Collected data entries
··········
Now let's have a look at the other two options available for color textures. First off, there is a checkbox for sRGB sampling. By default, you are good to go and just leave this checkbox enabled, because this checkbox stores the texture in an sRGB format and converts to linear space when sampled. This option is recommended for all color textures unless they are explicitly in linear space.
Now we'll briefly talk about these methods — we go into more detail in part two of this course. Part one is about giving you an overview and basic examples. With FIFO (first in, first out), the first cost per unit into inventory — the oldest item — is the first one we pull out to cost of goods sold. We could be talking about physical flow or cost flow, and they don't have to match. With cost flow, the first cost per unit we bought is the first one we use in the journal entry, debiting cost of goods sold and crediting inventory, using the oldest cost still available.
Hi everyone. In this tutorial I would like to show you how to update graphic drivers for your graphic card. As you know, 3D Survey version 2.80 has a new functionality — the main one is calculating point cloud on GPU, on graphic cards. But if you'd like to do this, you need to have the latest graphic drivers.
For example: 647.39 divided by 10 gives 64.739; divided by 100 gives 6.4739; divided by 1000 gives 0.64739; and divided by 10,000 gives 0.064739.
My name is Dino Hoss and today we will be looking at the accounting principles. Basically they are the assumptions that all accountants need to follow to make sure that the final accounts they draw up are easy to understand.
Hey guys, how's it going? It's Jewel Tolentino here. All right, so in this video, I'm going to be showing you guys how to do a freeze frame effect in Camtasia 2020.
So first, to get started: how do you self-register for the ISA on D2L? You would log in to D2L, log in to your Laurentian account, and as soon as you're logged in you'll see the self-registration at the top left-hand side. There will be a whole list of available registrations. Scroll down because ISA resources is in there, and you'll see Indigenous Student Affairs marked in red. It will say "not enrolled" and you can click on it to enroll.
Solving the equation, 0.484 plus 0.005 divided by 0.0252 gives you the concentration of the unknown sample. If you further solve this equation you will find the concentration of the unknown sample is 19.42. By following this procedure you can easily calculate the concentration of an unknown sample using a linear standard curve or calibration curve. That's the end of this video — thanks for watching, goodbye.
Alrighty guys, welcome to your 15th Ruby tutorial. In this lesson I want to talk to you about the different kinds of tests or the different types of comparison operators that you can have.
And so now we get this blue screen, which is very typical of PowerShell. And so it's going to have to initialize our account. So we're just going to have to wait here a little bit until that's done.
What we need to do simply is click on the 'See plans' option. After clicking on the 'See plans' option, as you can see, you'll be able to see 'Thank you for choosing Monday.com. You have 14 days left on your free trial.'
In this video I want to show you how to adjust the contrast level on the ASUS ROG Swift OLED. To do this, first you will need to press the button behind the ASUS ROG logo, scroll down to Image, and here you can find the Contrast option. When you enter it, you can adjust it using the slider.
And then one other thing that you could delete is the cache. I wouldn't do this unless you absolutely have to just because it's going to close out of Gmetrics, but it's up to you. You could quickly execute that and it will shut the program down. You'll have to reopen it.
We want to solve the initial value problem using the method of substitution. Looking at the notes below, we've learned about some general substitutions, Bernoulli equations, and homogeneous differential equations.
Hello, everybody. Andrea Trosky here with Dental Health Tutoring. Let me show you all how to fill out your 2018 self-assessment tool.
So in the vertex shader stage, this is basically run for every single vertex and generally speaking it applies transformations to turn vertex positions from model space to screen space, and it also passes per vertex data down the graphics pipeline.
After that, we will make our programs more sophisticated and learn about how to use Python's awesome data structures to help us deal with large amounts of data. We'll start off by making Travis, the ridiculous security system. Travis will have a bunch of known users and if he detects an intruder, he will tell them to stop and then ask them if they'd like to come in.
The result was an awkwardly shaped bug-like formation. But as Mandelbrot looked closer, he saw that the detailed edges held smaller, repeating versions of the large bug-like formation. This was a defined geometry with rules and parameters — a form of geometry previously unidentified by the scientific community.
··········
**Directions**
Copy all the lines from the data above that hold the word "find".

**Solution for this problem**
Solving the equation, 0.484 plus 0.005 divided by 0.0252 gives you the concentration of the unknown sample. If you further solve this equation you will find the concentration of the unknown sample is 19.42. By following this procedure you can easily calculate the concentration of an unknown sample using a linear standard curve or calibration curve. That's the end of this video — thanks for watching, goodbye.
In this video I want to show you how to adjust the contrast level on the ASUS ROG Swift OLED. To do this, first you will need to press the button behind the ASUS ROG logo, scroll down to Image, and here you can find the Contrast option. When you enter it, you can adjust it using the slider.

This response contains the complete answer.